Rosemary Hughes and Janet Spicer accept their Rotary Citizen of the Year Awards.

Rosemary Hughes and Janet Spicer accept their Rotary Citizen of the Year Awards.

Hughes and Spicer win Rotary Citizen of the Year Awards

The pair were honoured on March 25 at the Nakusp Royal Canadian Legion.

Rosemary Hughes and Janet Spicer received massive amounts of support on March 25 as they received the Rotary Citizen of the Year and Lifetime Achievement Award, respectively, at the hall of the Nakusp Royal Canadian Legion.

The Citizen of the Year is someone who has displayed any of the following: exceptional achievement; exceptional personal dedication to a worthy cause; significant personal dedication to a worthy cause; significant contribution to the community; displayed remarkable help, kindness or assistance to others or groups of others; bravery or exceptional courage; humanitarian achievements; or achievements in the fields of environment, nature or wildlife.

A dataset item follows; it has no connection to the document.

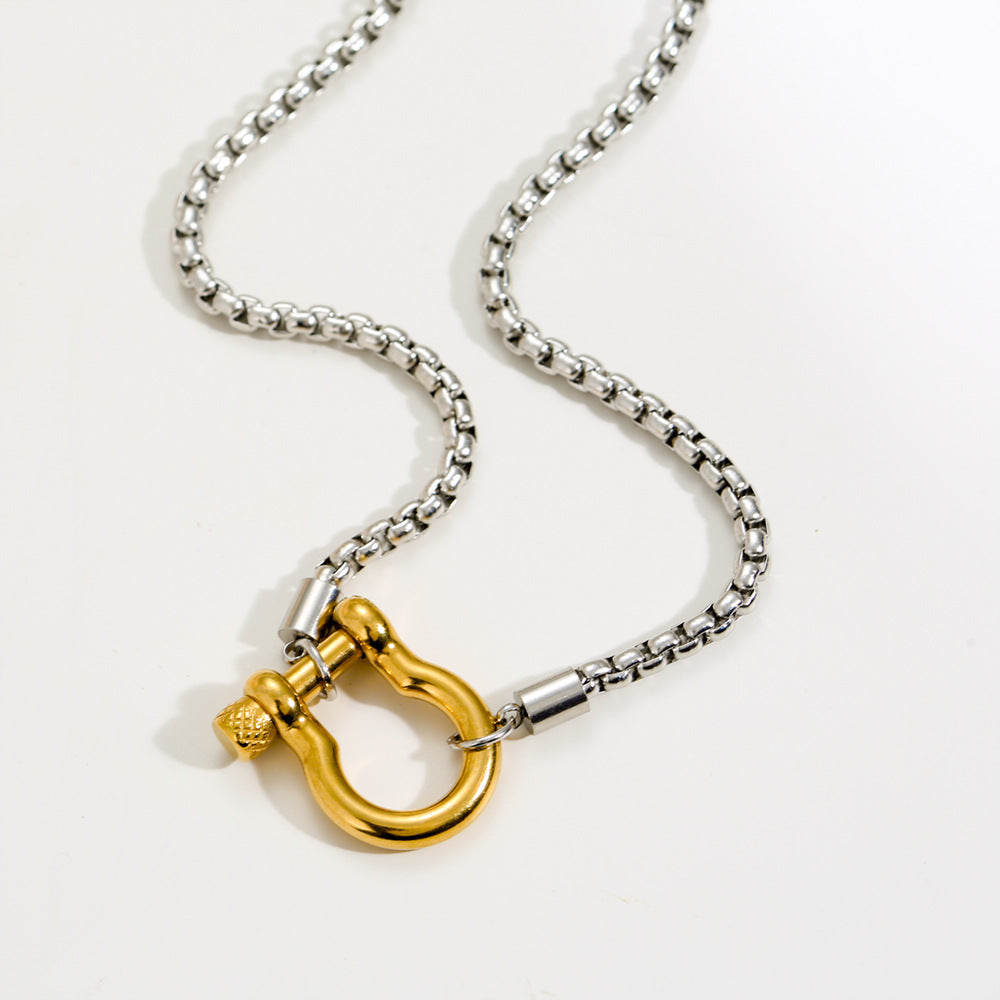 Minimalist Geometric Carabiner Necklace in Stainless Steel with 18K Gold Plating on Pearl Chain for Women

“Both of these powerful women have donated countless hours of their time to make this village a better place,” said Dan Nicholson, president of the Nakusp Rotary. “Their actions demonstrate the Rotary motto of service above self.”

Hughes was awarded Citizen of the Year for her hard work in getting the Old Fire Hall up and going. Not only has the market provided a space for vendors to sell their wares, a historic building in Nakusp is now preserved.

Spicer was given the Lifetime Achievement Award for her hard work in keeping the Spicer Farm thriving, along with her neverending campaign to protect animals and the environment, both in the community and around the world.

A table was set up on the stage for Hughes and Spicer, along with representatives of different levels of government including Karen Hamling, mayor of Nakusp, and Katrine Conroy, the Member of the Legislative Assembly for Kootentay West.

While Rotary hosts the awards banquet, Rotarians are not the ones who determine which citizens receives the awards. That decision falls to a committee made up of members of the community.

Hughes, visibly emotional during the ceremony, said it was an honour to be chosen, and she felt a little unworthy.

“There’s just a lot of awesome people that volunteer and dedicate their time to our community, and we should honour them as well,” she said.

After the awards were given out those in attendance were asked to come up and share stories and memories of the two.

When talking about Spicer many recount her love of animals, and her efforts to protect them.

“It defines me, more than anything I abhor cruelty,” she said. “It’s so huge to try and stop cruelty wherever I am. In Europe it was trying to stop bull fighting, trying to stop whaling, trying to stop fox hunting. Here in Canada it was trying to eliminate PMU farms.

When she was told she would be receiving the Lifetime Achievement Award she said she felt dumbfounded, and had to sit down because this was something she never would have expected.

“I was completely overwhelmed,” she concluded. “I wish I could give every person in this room the experience that they gave me. If I could do that it would be the most wonderful thing.”